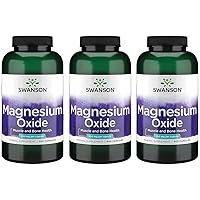 Swanson Magnesium Bone & Muscle Health Mood Support 200 Milligrams (2 Caps per 400 mg Serving Magnesium Oxide) 500 Capsules (3 Pack)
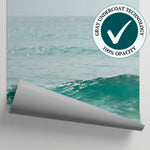 Quiet Tide - Blue Ocean Wallpaper - Turquoise Sea Wave Minimalist Peel and Stick Mural - Matière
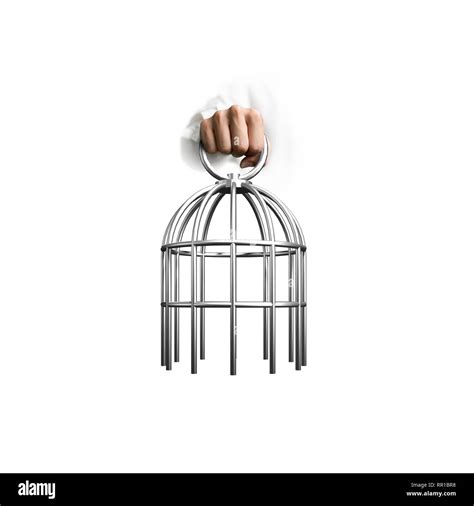 Hand Holding The Cage Isolated On White Background Stock Photo Alamy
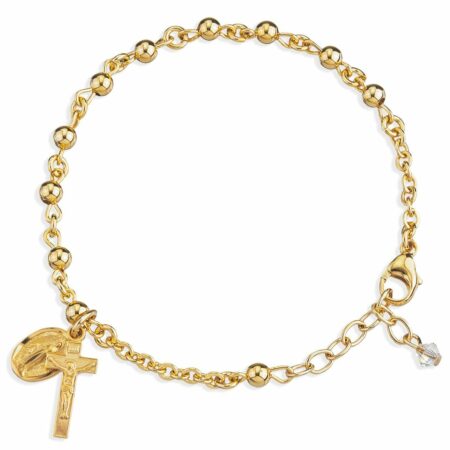 High Polished Round Gold Over Sterling Silver Rosary Bracelet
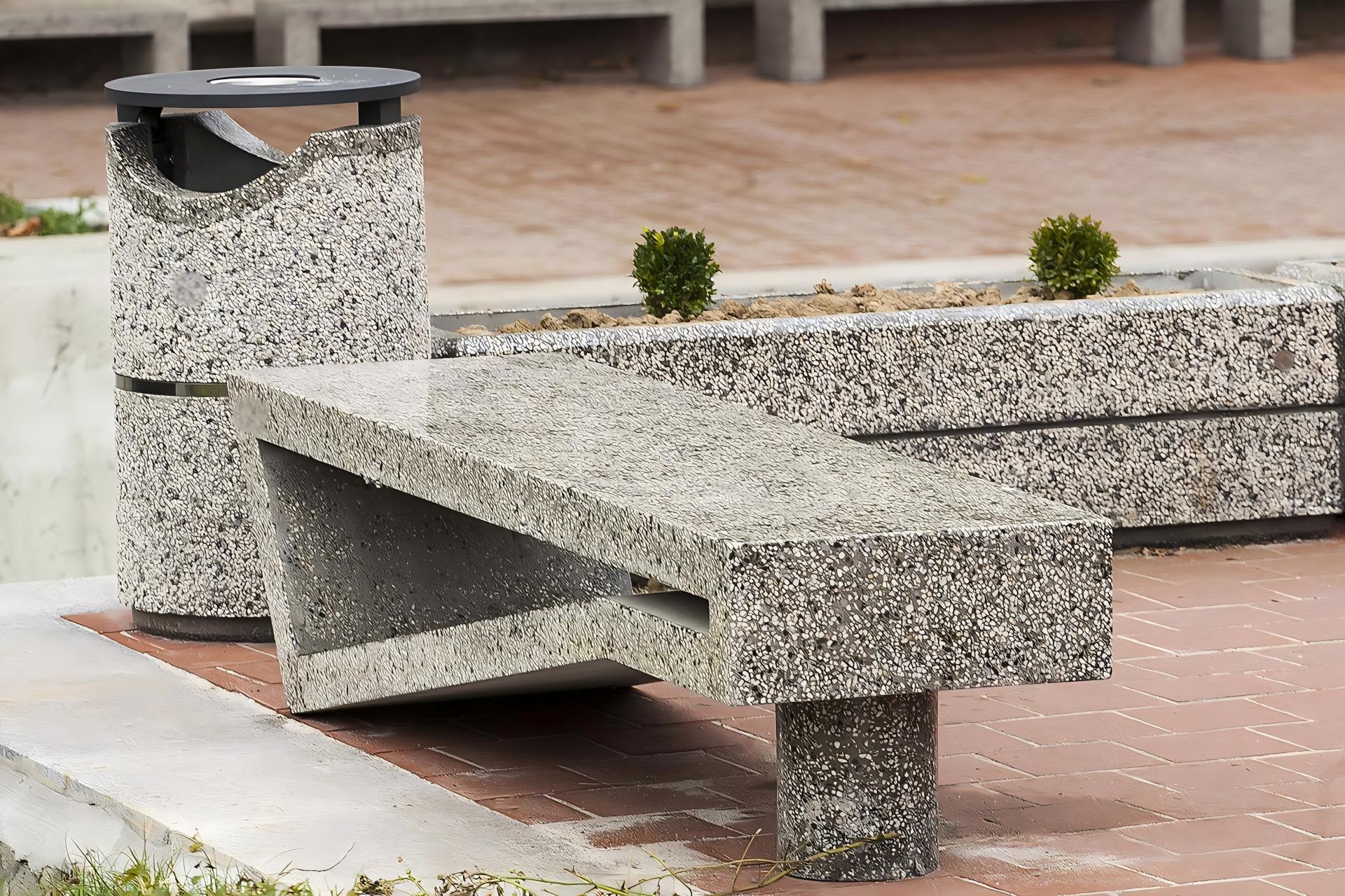 Modern Geometric Stone Bench Granite for Urban Park | Commercial Grade - Image 3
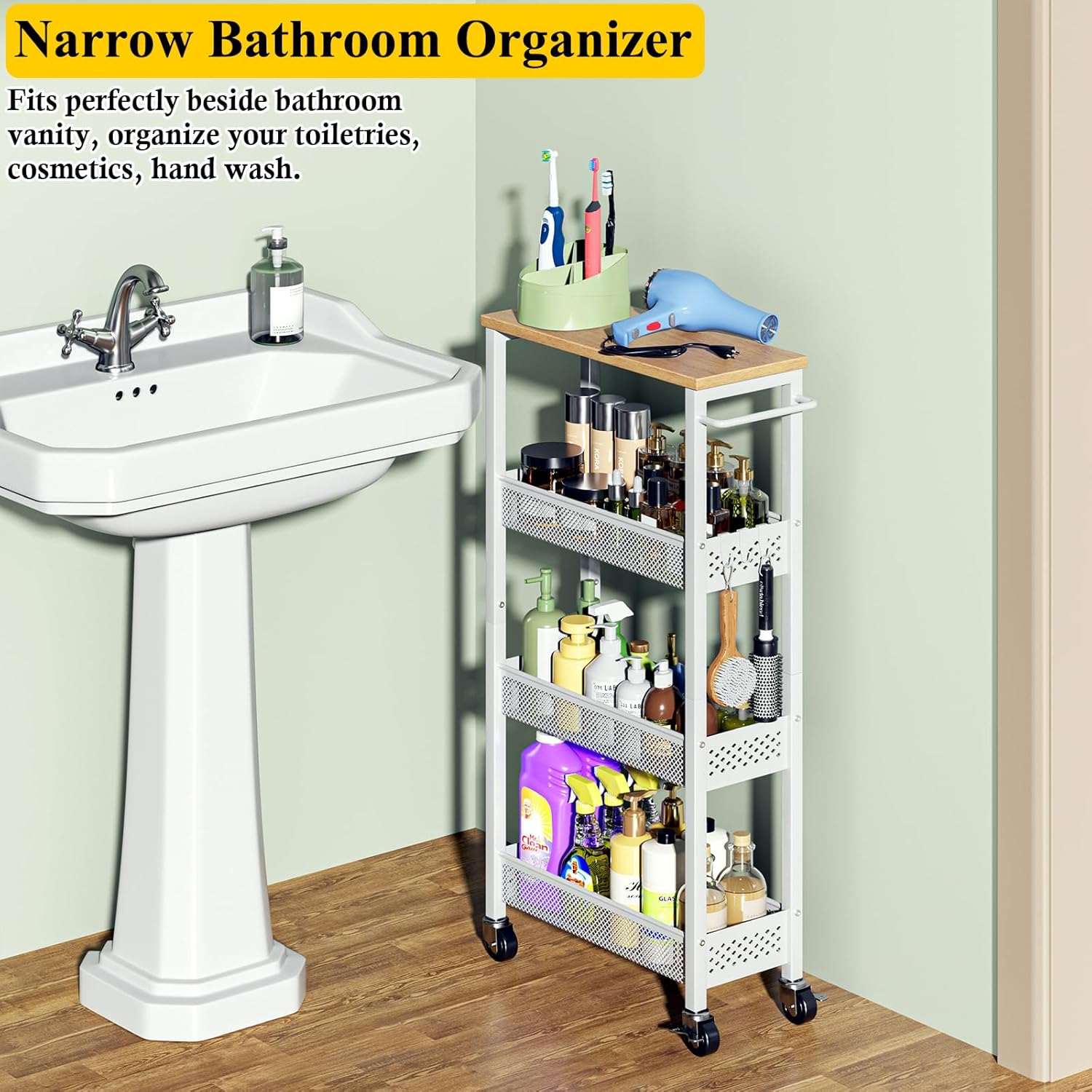 OKZEST Slim Rolling Storage Cart - 4 Tier Mobile Organizer with Wood Top for Kitchen & Laundry | Narrow Design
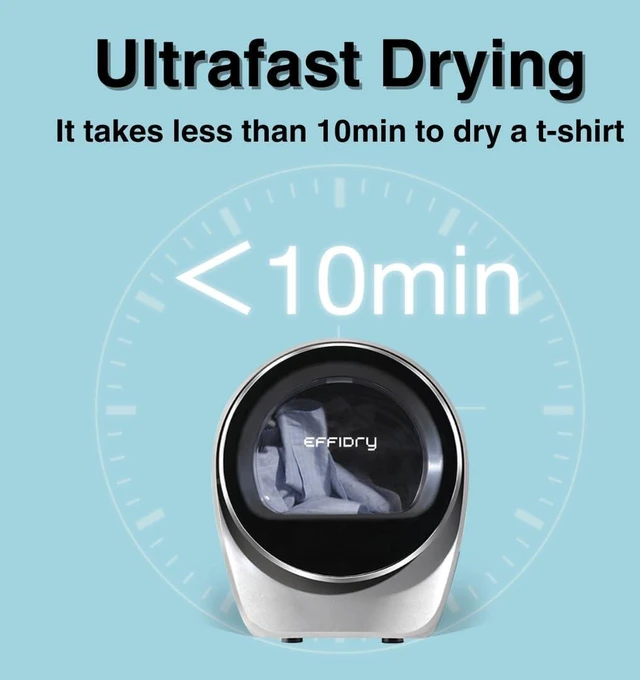Alt view image 6 of 7 - S3 Compact Clothes Dryer 1.0 cu.ft 120V 1050W Portable Dryers Machine 8 Drying Mode for Small Spaces home,Apartments dorm rv Mini clothing drying electric secadora portatil de ropa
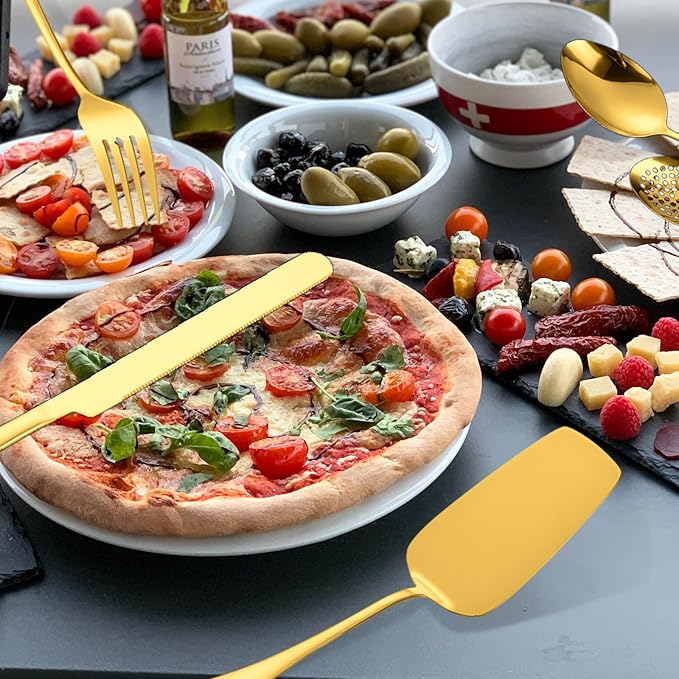 HOUSEWARE Gold Catering Utensils Set,11 Pieces Stainless Steel Flatware Serving Set for Buffet Party include Cake Knife Cutter Large Fork Spoon ladle Skimmer Spatula Turner Server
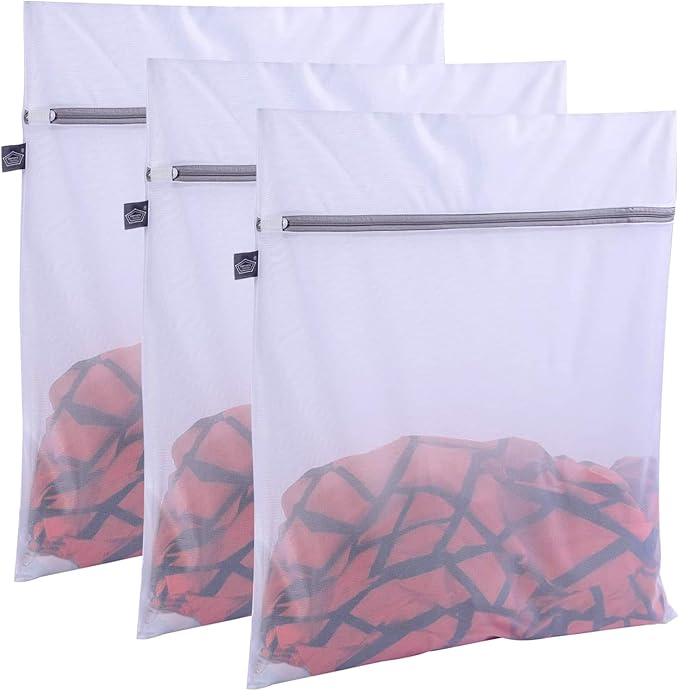 Kimmama Laundry Bag Mesh Wash Bags, Washing Machine Wash Bag, Net Washer Sack with Zipper, Dryer Pouch for Cleaning and Drying Cloths, Garment, Delicates, Intimates, Bra, Pant, Sock, Small Toys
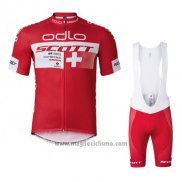 2016 Abbigliamento Ciclismo Scott Bianco e Rosso Manica Corta e Salopette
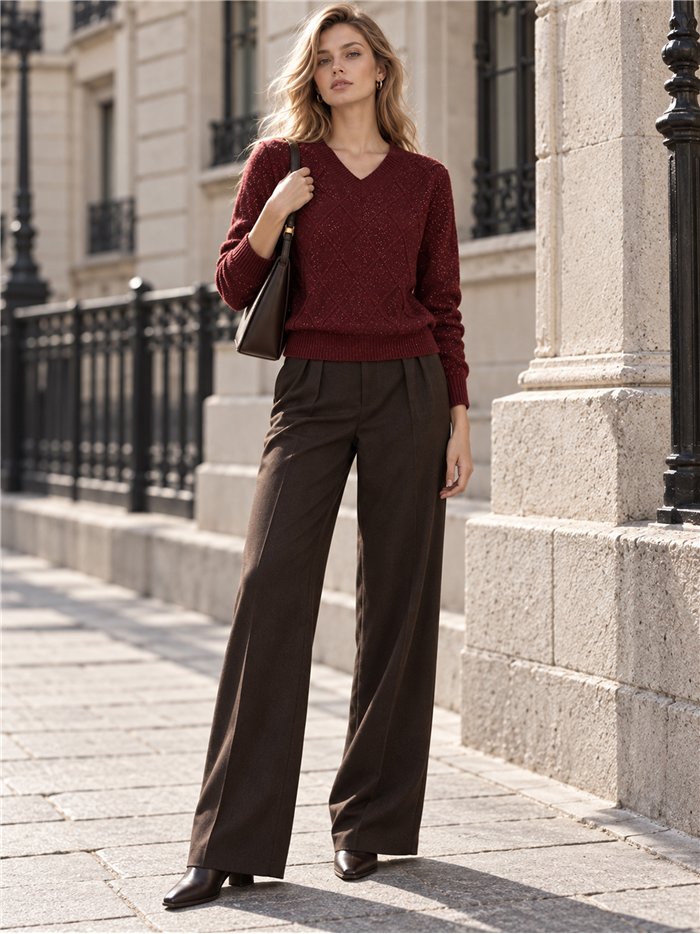 Pull à paillettes à col en V et motif losanges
+ + + + +
Problem statement:
Pictures excluded, repeat the records exactly from their opening line through the line containing "Hand Holding The".

Response to the exercise:
 Swanson Magnesium Bone & Muscle Health Mood Support 200 Milligrams (2 Caps per 400 mg Serving Magnesium Oxide) 500 Capsules (3 Pack)
 Quiet Tide - Blue Ocean Wallpaper - Turquoise Sea Wave Minimalist Peel and Stick Mural - Matière
 Hand Holding The Cage Isolated On White Background Stock Photo Alamy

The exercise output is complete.